### Problem to work on:
Reproduce the data in full, exactly as given, leaving images out.

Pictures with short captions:

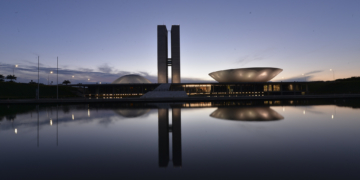 Esforço concentrado no Senado e na Câmara para aprovação do Combustível do Futuro e definições do setor de energia. Na imagem: Congresso Nacional fotografado ao anoitecer, com cúpulas e torre central, ao fundo, refletidas no espelho d'água, em primeiro plano (Foto Edilson Rodrigues/Agência Senado)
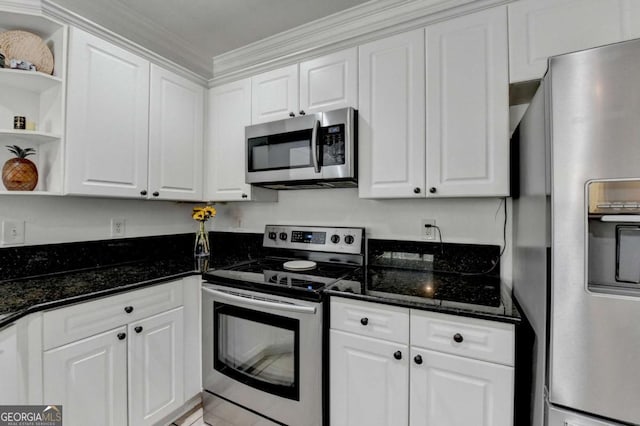 kitchen with stainless steel appliances and white cabinets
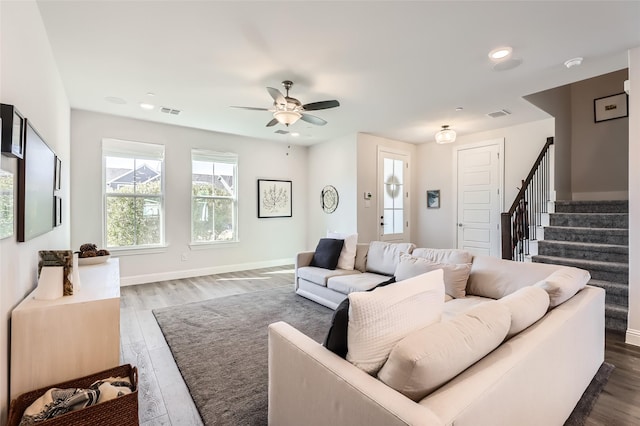 living room with dark hardwood / wood-style floors and ceiling fan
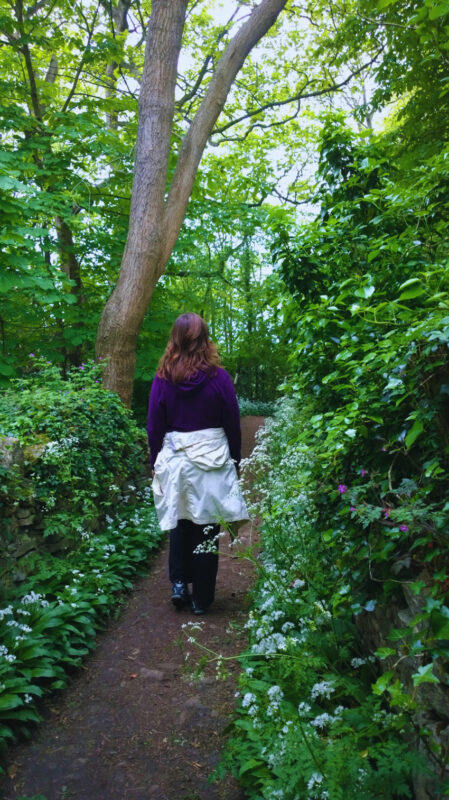 Alison walking in the woods in spring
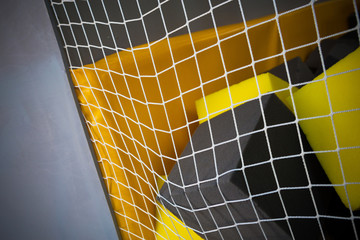 Gray and yellow cubes of foam rubber behind the grid in the gaming center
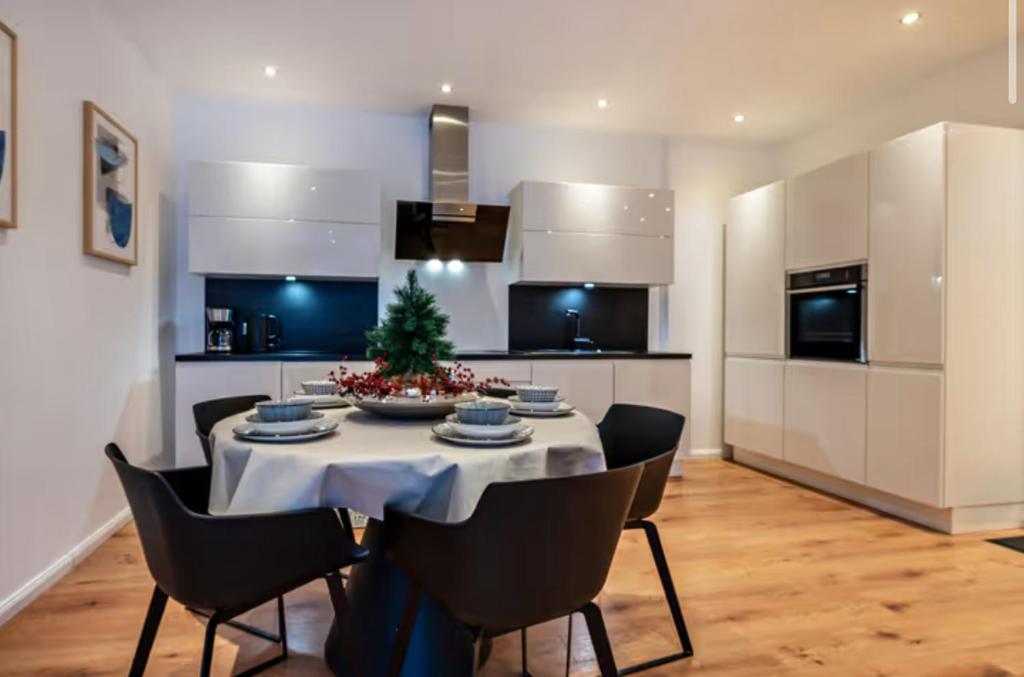 a kitchen with a table with a christmas tree on it at Casa Caso in Achim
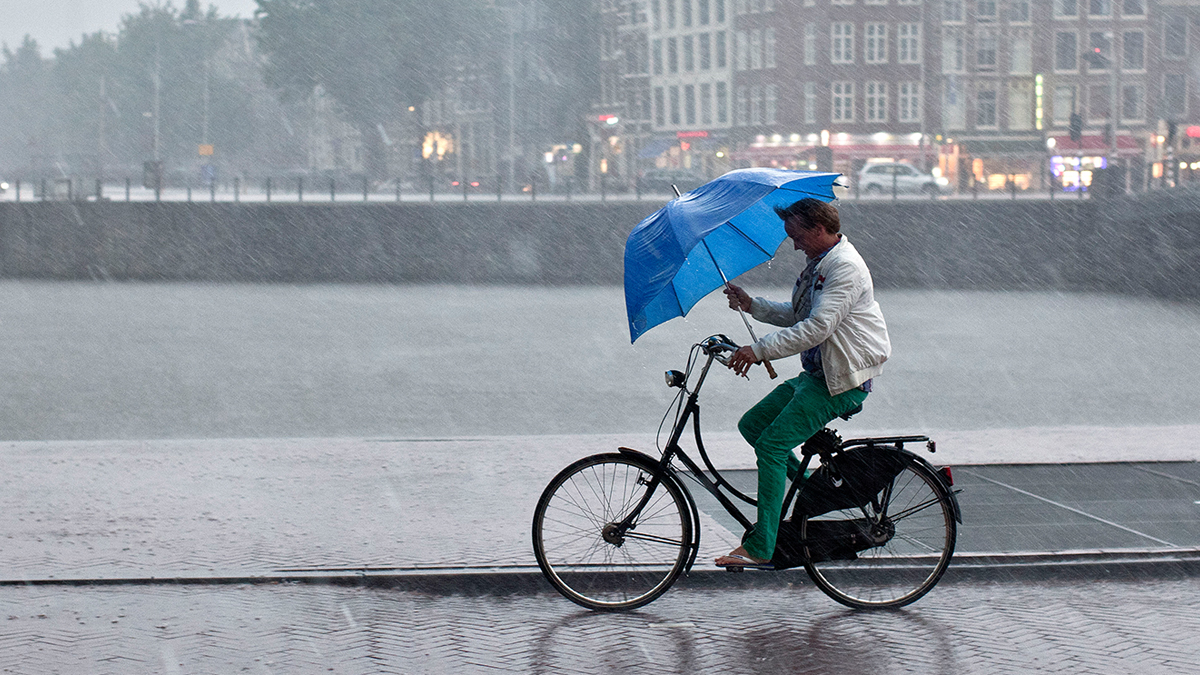 Man fietst in regen op fiets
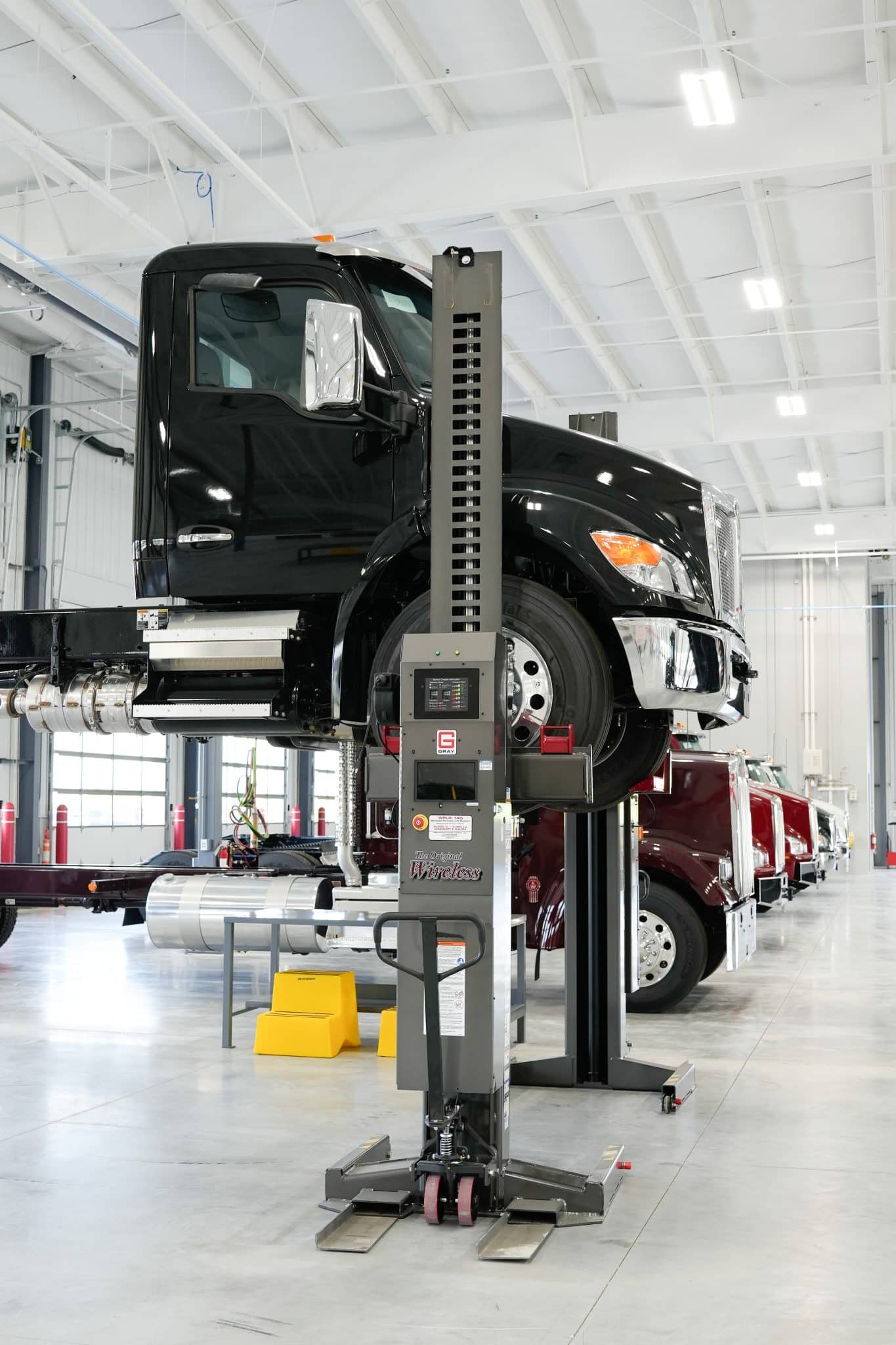 Black Kenworth truck lifted on hydraulic system inside Whiteford Kenworth Toledo service bay.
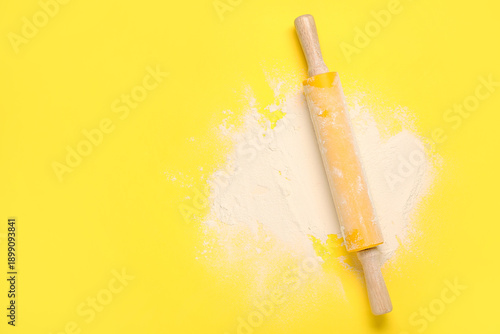 Rolling pin and flour on ye...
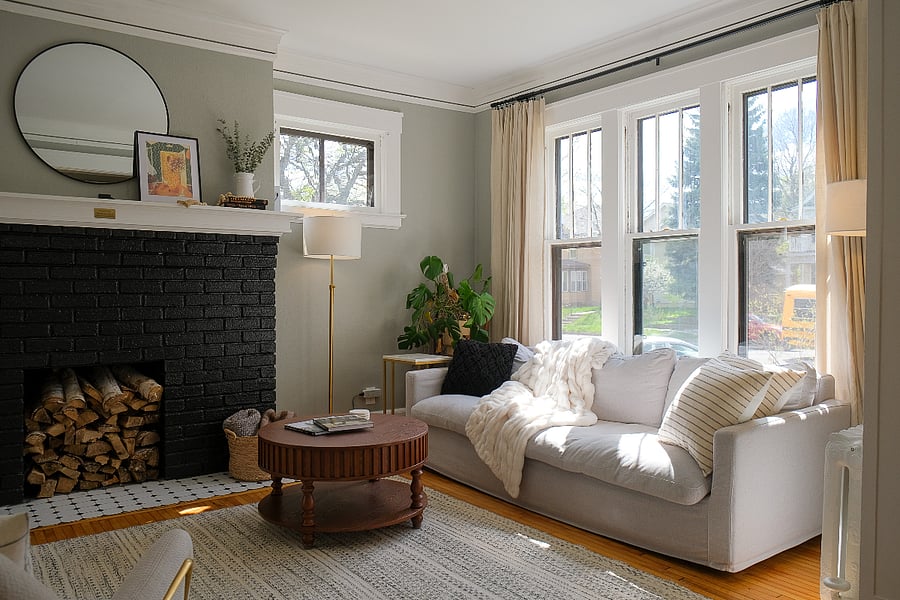 Thoughtfully furnished for time together, the main living space includes comfortable seating, a piano, guitar, record player, Smart TV, original 1915 details, and warm natural light.
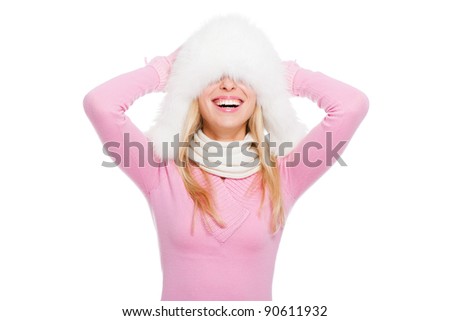 attractive excited smile woman fun laughing, wear winter fur hat pulled down over the eyes, and pink sweater, knit scarf, isolated over white background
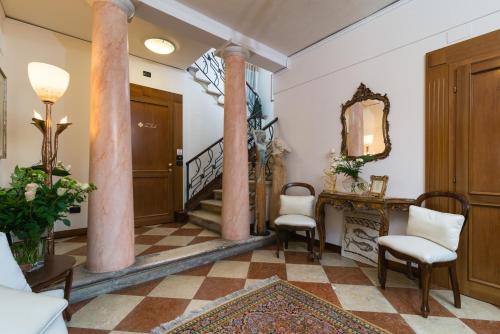 a lobby with columns and a table and chairs at Hotel Relais San Nicolò in Treviso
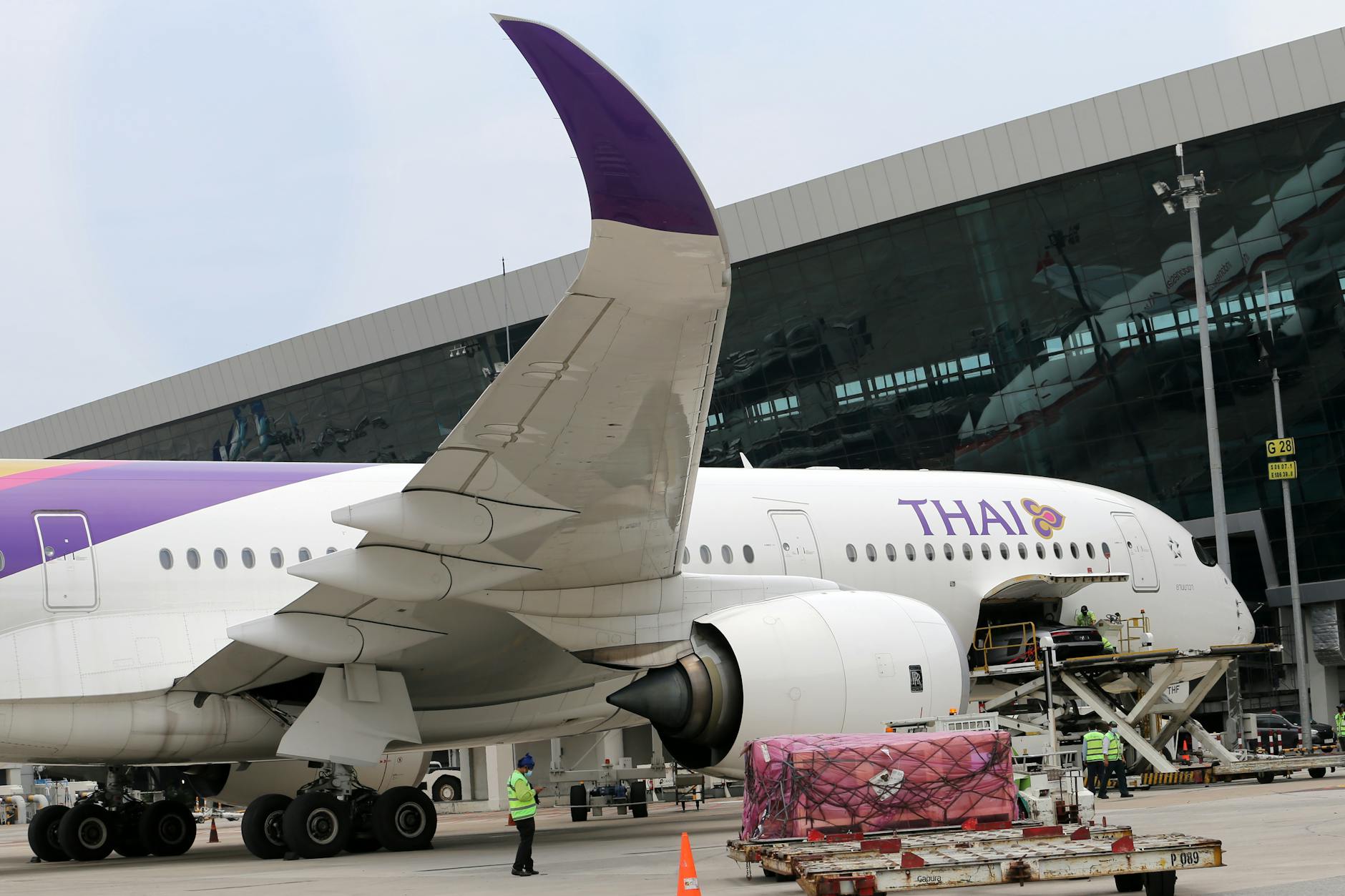 Side view of Thai Airways Airbus at an airport, featuring visible engine and wing.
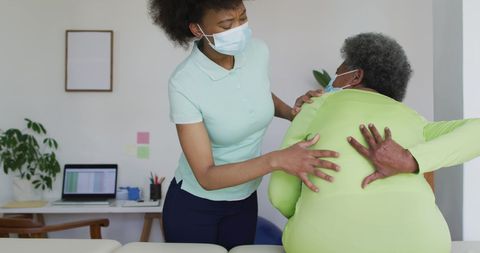 Female Physiotherapist Assisting Senior Patient During Pandemic - Download Free Stock Images Pikwizard.com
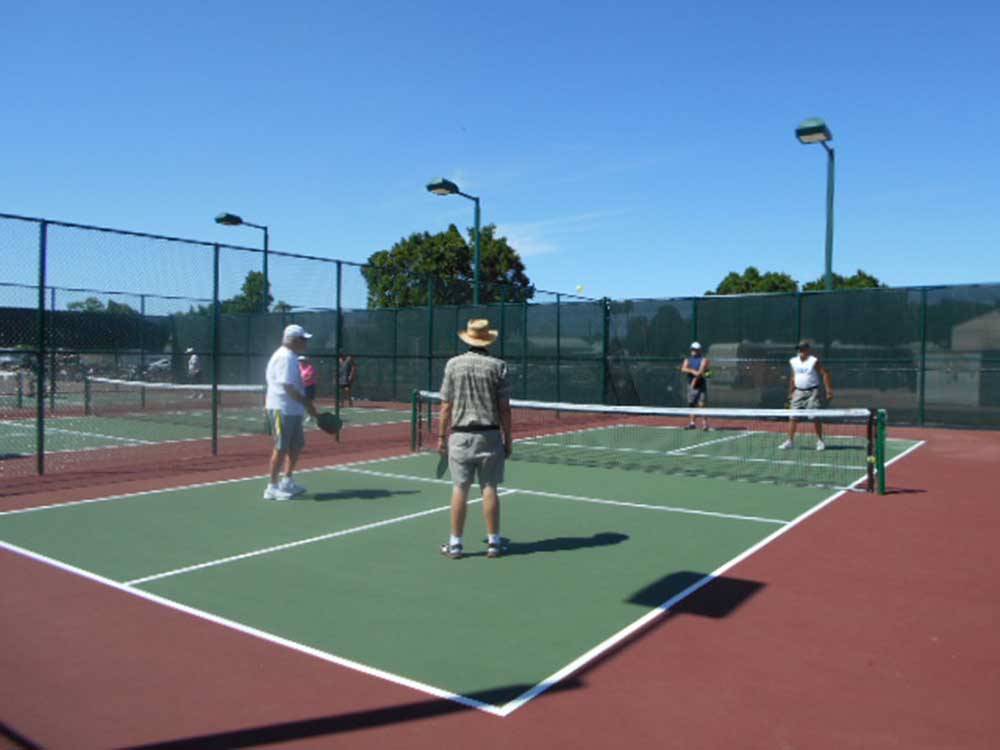 A group of people playing pickleball at SUNDANCE RV RESORT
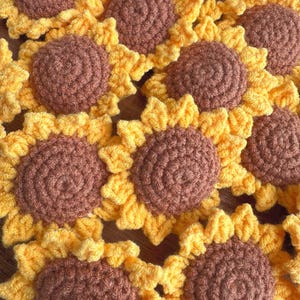 May include: Close-up of several handmade crochet sunflowers. Each flower has a brown centre and yellow petals. The sunflowers are arranged closely together, showcasing the texture and detail of the yarn.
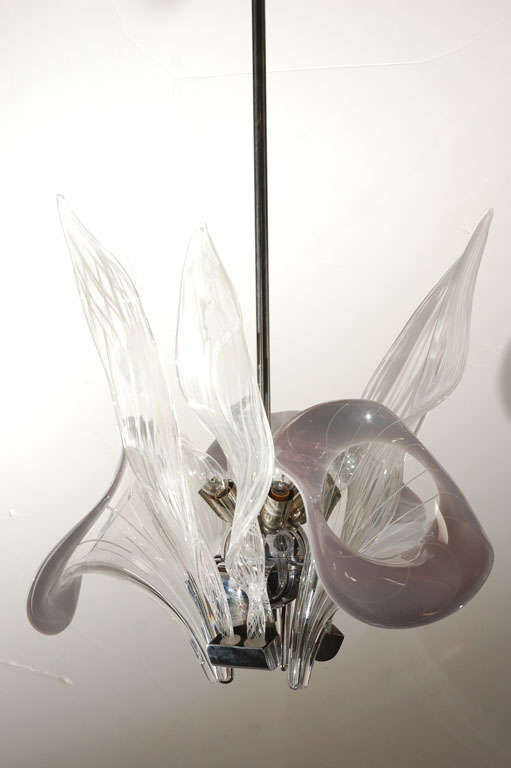 A Modernist Murano chandelier in clear, white and gray flutes and leaves. Has 6 light sockets. Height to the top of the canopy is 48 inches. The chandelier itself is 21 inches high (bottom to top of tall leaves). Chrome pole to canopy can be cut to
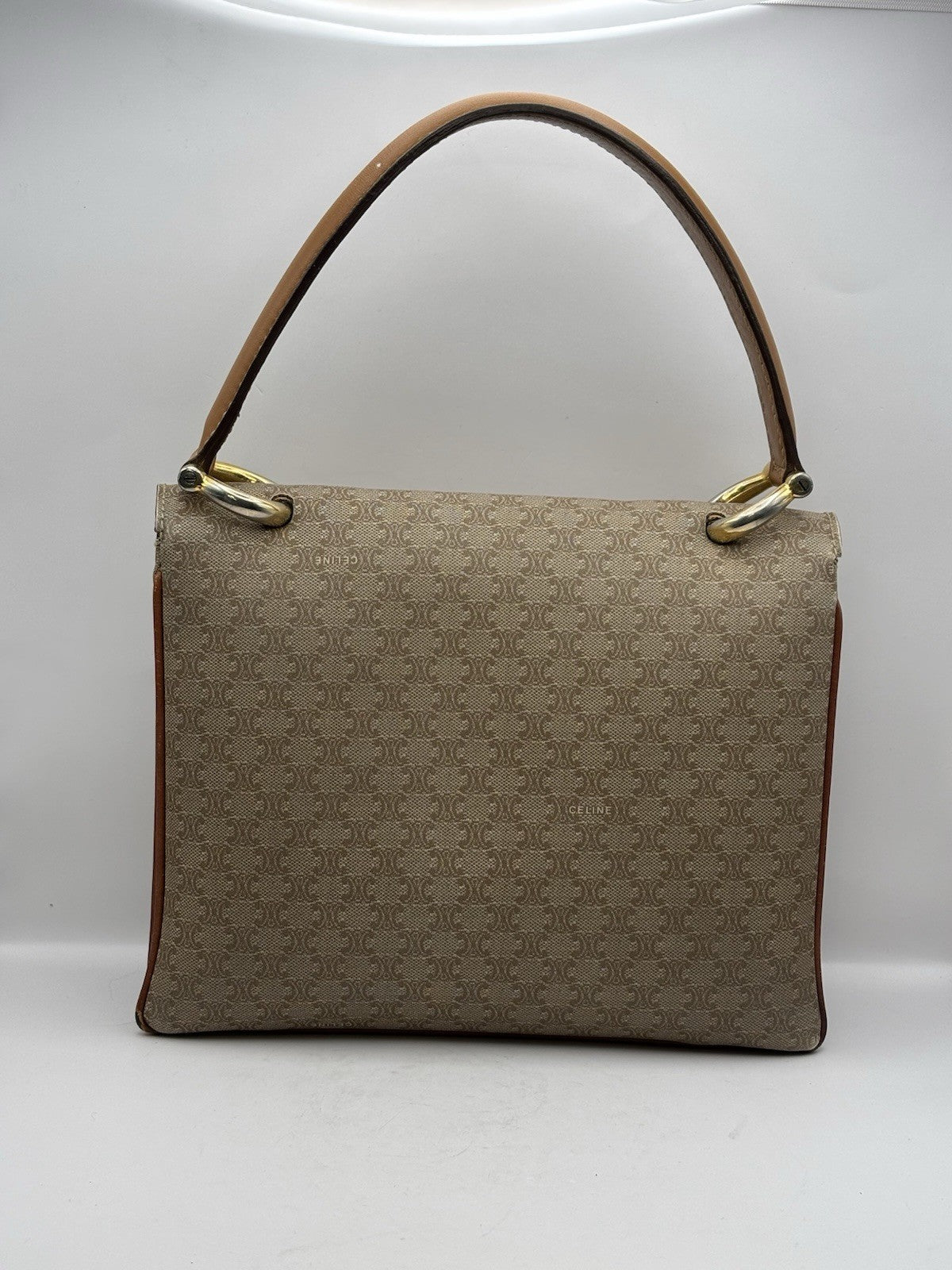 Celine Macadam leather top handle bag with a horse carriage logo buckle.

### Answer to this exercise:
 Esforço concentrado no Senado e na Câmara para aprovação do Combustível do Futuro e definições do setor de energia. Na imagem: Congresso Nacional fotografado ao anoitecer, com cúpulas e torre central, ao fundo, refletidas no espelho d'água, em primeiro plano (Foto Edilson Rodrigues/Agência Senado)
 kitchen with stainless steel appliances and white cabinets
 living room with dark hardwood / wood-style floors and ceiling fan
 Alison walking in the woods in spring
 Gray and yellow cubes of foam rubber behind the grid in the gaming center
 a kitchen with a table with a christmas tree on it at Casa Caso in Achim
 Man fietst in regen op fiets
 Black Kenworth truck lifted on hydraulic system inside Whiteford Kenworth Toledo service bay.
 Rolling pin and flour on ye...
 Thoughtfully furnished for time together, the main living space includes comfortable seating, a piano, guitar, record player, Smart TV, original 1915 details, and warm natural light.
 attractive excited smile woman fun laughing, wear winter fur hat pulled down over the eyes, and pink sweater, knit scarf, isolated over white background
 a lobby with columns and a table and chairs at Hotel Relais San Nicolò in Treviso
 Side view of Thai Airways Airbus at an airport, featuring visible engine and wing.
 Female Physiotherapist Assisting Senior Patient During Pandemic - Download Free Stock Images Pikwizard.com
 A group of people playing pickleball at SUNDANCE RV RESORT
 May include: Close-up of several handmade crochet sunflowers. Each flower has a brown centre and yellow petals. The sunflowers are arranged closely together, showcasing the texture and detail of the yarn.
 A Modernist Murano chandelier in clear, white and gray flutes and leaves. Has 6 light sockets. Height to the top of the canopy is 48 inches. The chandelier itself is 21 inches high (bottom to top of tall leaves). Chrome pole to canopy can be cut to
 Celine Macadam leather top handle bag with a horse carriage logo buckle.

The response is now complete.